Iraqi Christians, one of the country’s weakest ethnic or religious groups, have usually tried to steer clear of its many-sided conflict. For the most part, they manage.
While Sunni and Shi’ite Muslims killed each other by the dozen at the height of Iraq’s sectarian conflict in 2006 and 2007, Christians were rarely targeted, although sometimes they were.
(Photo: A policeman at the site of a car bomb attack on a Baghdad church, 13 July 2009/Saad Shalash)
On Sunday, in apparently coordinated attacks, five bombs went off outside churches in Baghdad, killing four people and wounding 21, including a number of Christians.
Iraqi Christians or “Messihi”, as they are called by an Arabic word related to the Hebrew term “Messiah,” number around 750,000. That makes them a tiny minority in a Muslim nation of 28 million. They are mostly concentrated around Baghdad and the violent northern city of Mosul, which is still struggling to shake off al Qaeda and other Sunni Arab insurgent groups.
Historically, though, they have got on well with their Muslim compatriots. Under Ottoman rule, non-Islamic faiths were generally respected. More recently, Saddam Hussein used to draw attention to his Chaldean Christian Deputy Prime Minister Tareq Aziz, currently doing time for assisting Saddam’s mass murders of Iraqi merchants, as an example of the Baath party’s religious tolerance.
But partly because they are small, Christians are an easy target. About 2,000 families, an estimated 12,000 people, fled Mosul after a campaign of threats and attacks on Christians there in October last year, but many have since returned.
(Photo: A man cleans up after a bomb attack on a Baghdad church, 13 July 2009/Thaier al-Sudani)
“Attacking Christians can have a big impact on public opinion, because they are a minority and the international media will take this news seriously. That’s what the extremists want,” William Warida, a Christian and chairman of a Baghdad human rights organisation told me. “And some extremists just don’t want the existence of Christians in this country at all.”
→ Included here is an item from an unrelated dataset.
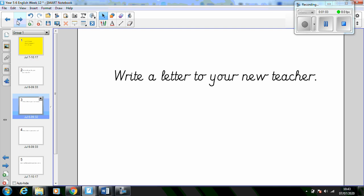You could tell them about your family and things that you enjoy doing outside of school. If you email your letter through to the Year 5-6 account, you can make sure that these get to the correct person. It will be a great way for them to get to know you a bit before September.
The country’s Christians fall into roughly two denominations, the majority Chaldeans under the authority of the Vatican and the minority Assyrians. “We are like one family, with two brothers: one is Chaldean, one is Assyrian. I have four grandsons: two are Assyrian and two Chladean,” says Assyrian Christian parliamentarian Yunadim Kanna. According to the Rome-based news agency Asianews.it, both Chaldean and Assyrian churches were attacked.
Many Iraqi Christians from both branches speak Syriac-Aramic, a semitic tongue related to old Aramaic, the language spoken by Jesus.
Today, many of them live in exile in Jordan or Syria, scared off by the chaos unleashed by the 2003 U.S.-led invasion.
(Photo: Mourners grieve at funeral of bombing victim, 14 July 2009/Mohammed Ameen)
“After Sunday, the Christians that were thinking of coming back from outside, now maybe they will change their minds,” said Warida. “This was a message to them not to come back.”
The Vatican’s procurator for Chaldean Catholics, Chorbishop Philip Najeem, gave the same analysis in an interview with Vatican Radio.